Currently, Azerbaijan is deeply involved in efforts to enhance stability and security in the South Caucasus region. By pursuing diplomatic initiatives and engaging in negotiations, the country aims to find a comprehensive and sustainable solution to the Nagorno-Karabakh conflict, thereby further diminishing Russia’s influence in the region (EU Parliament Think Tank, 2023).
While Azerbaijan’s strategic hedging has enabled it to balance between national interests and geopolitical realities, long-term considerations will require careful reassessment. As the geopolitical landscape continues to evolve, Azerbaijan must remain vigilant in ensuring its autonomy and safeguarding its core national interests. The country’s assertive stance towards Russia in recent times reflects its commitment to strengthening its position in the region and asserting its sovereignty.
Azerbaijan’s strategic hedging approach in navigating its relations with Russia has proven to be a nuanced and adaptive strategy in the complex geopolitical landscape of the South Caucasus region. Over the years, the country has skillfully balanced its national interests, historical experiences, and the role of energy resources to maintain autonomy while engaging with powerful neighbors and global actors.
The country’s past experiences under different leaders, from seeking security guarantees through bandwagoning to pursuing anti-Russian policies, have taught Azerbaijan the importance of a pragmatic and flexible approach. The strategic hedging model, akin to Finlandization, allows Azerbaijan to carefully maneuver amid the region’s power dynamics, avoiding over-reliance on any single power bloc.
Central to this approach is Azerbaijan’s focus on preserving its core national interests, particularly the return of occupied territories, which shapes its foreign policy orientation. The country’s commitment to safeguarding its sovereignty and territorial integrity has been a guiding principle in its dealings with Russia and other regional players.

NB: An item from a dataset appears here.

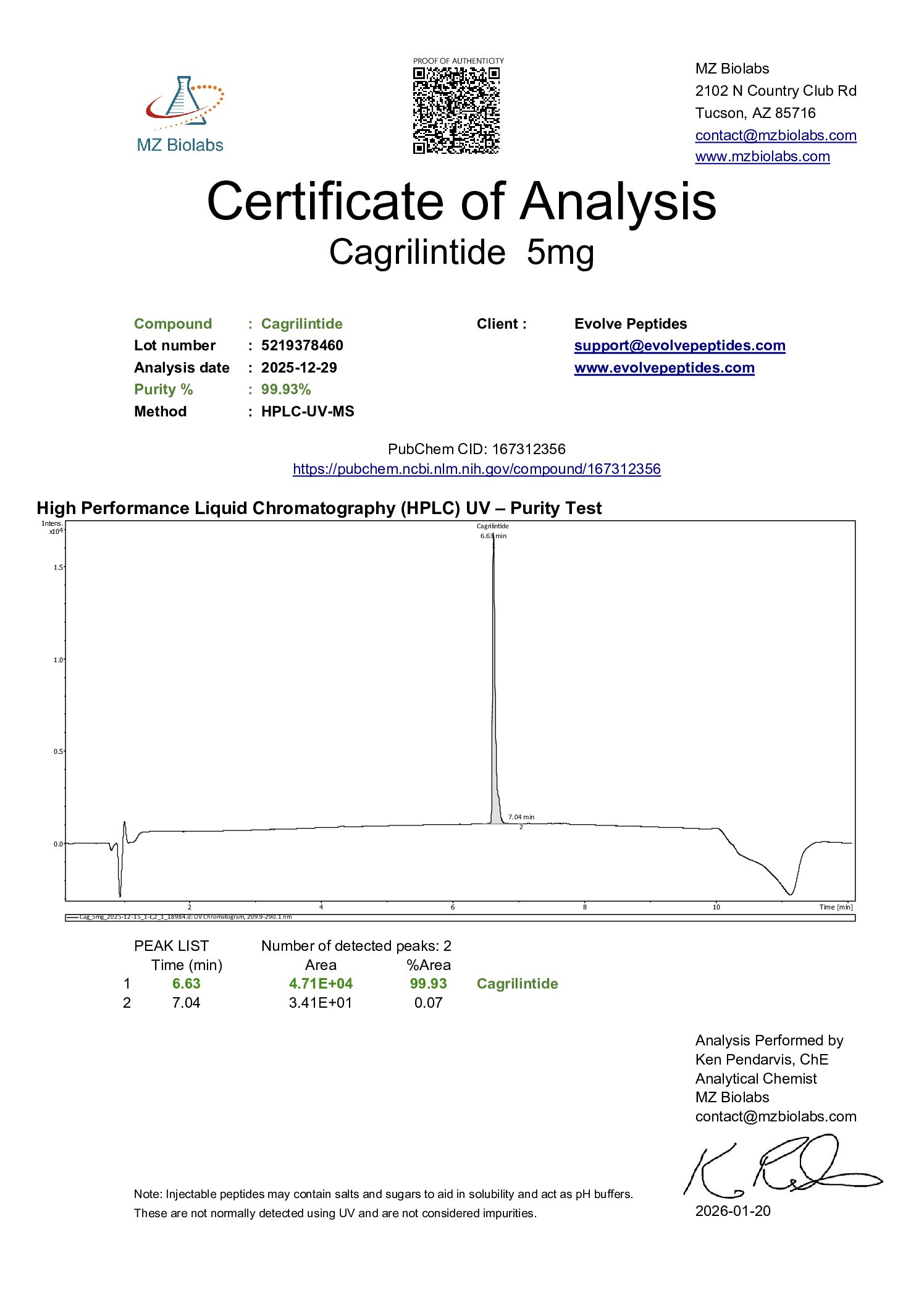 Certificate of Analysis for Cagrilintide from Evolve Peptides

In conclusion, Azerbaijan’s strategic hedging approach offers valuable insights into the delicate art of balancing interests and preserving national autonomy. Its careful maneuvering in the complex geopolitical landscape of the South Caucasus region showcases a model that prioritizes national interests while engaging constructively with powerful neighbors and the international community. As the region’s dynamics continue to evolve, Azerbaijan’s strategic hedging will undoubtedly remain a cornerstone of its foreign policy, allowing it to navigate the complexities of its relations with Russia and other key players in the ever-changing geopolitical arena.